[DIRECTIONS FOR THIS TASK]: Each line from the opening of the records that follow to the line with "Furnish my Place" needs to be written out exactly. Add nothing.

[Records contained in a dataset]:

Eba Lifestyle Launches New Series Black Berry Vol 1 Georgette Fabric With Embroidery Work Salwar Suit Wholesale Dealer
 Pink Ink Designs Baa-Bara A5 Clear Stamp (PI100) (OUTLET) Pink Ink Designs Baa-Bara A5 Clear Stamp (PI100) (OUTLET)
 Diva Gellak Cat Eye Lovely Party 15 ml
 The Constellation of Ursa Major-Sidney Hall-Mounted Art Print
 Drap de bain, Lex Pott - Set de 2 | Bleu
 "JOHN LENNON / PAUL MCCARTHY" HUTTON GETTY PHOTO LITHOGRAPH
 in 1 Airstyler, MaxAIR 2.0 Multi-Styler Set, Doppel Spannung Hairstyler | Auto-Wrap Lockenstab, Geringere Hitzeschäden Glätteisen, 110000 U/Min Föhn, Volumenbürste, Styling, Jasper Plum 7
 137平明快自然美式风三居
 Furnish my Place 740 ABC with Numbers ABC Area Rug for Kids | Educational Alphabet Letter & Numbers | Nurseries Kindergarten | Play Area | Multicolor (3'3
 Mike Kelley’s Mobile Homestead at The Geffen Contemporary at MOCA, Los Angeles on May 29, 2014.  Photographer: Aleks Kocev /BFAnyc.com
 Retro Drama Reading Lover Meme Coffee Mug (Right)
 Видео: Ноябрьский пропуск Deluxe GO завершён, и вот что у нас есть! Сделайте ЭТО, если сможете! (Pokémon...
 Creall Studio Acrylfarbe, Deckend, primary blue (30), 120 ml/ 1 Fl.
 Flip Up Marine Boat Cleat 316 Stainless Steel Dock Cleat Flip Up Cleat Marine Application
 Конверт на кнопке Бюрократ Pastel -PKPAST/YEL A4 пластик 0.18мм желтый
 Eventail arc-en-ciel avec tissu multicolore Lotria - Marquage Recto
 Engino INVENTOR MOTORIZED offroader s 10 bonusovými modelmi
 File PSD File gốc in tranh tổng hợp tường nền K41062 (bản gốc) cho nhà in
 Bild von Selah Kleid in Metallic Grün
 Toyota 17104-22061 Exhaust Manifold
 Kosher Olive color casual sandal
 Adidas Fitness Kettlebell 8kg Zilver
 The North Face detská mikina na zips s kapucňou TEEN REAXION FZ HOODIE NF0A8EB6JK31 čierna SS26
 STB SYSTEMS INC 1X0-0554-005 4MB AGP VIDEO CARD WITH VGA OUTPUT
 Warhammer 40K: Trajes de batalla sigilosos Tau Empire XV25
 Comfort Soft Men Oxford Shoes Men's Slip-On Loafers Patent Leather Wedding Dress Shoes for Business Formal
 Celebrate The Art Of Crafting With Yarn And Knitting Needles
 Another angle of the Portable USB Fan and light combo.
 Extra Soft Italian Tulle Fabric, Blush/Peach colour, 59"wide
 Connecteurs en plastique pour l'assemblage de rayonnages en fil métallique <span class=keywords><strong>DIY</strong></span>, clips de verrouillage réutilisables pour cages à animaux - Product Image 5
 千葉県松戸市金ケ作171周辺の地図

[TASK RESULT]:
Eba Lifestyle Launches New Series Black Berry Vol 1 Georgette Fabric With Embroidery Work Salwar Suit Wholesale Dealer
 Pink Ink Designs Baa-Bara A5 Clear Stamp (PI100) (OUTLET) Pink Ink Designs Baa-Bara A5 Clear Stamp (PI100) (OUTLET)
 Diva Gellak Cat Eye Lovely Party 15 ml
 The Constellation of Ursa Major-Sidney Hall-Mounted Art Print
 Drap de bain, Lex Pott - Set de 2 | Bleu
 "JOHN LENNON / PAUL MCCARTHY" HUTTON GETTY PHOTO LITHOGRAPH
 in 1 Airstyler, MaxAIR 2.0 Multi-Styler Set, Doppel Spannung Hairstyler | Auto-Wrap Lockenstab, Geringere Hitzeschäden Glätteisen, 110000 U/Min Föhn, Volumenbürste, Styling, Jasper Plum 7
 137平明快自然美式风三居
 Furnish my Place 740 ABC with Numbers ABC Area Rug for Kids | Educational Alphabet Letter & Numbers | Nurseries Kindergarten | Play Area | Multicolor (3'3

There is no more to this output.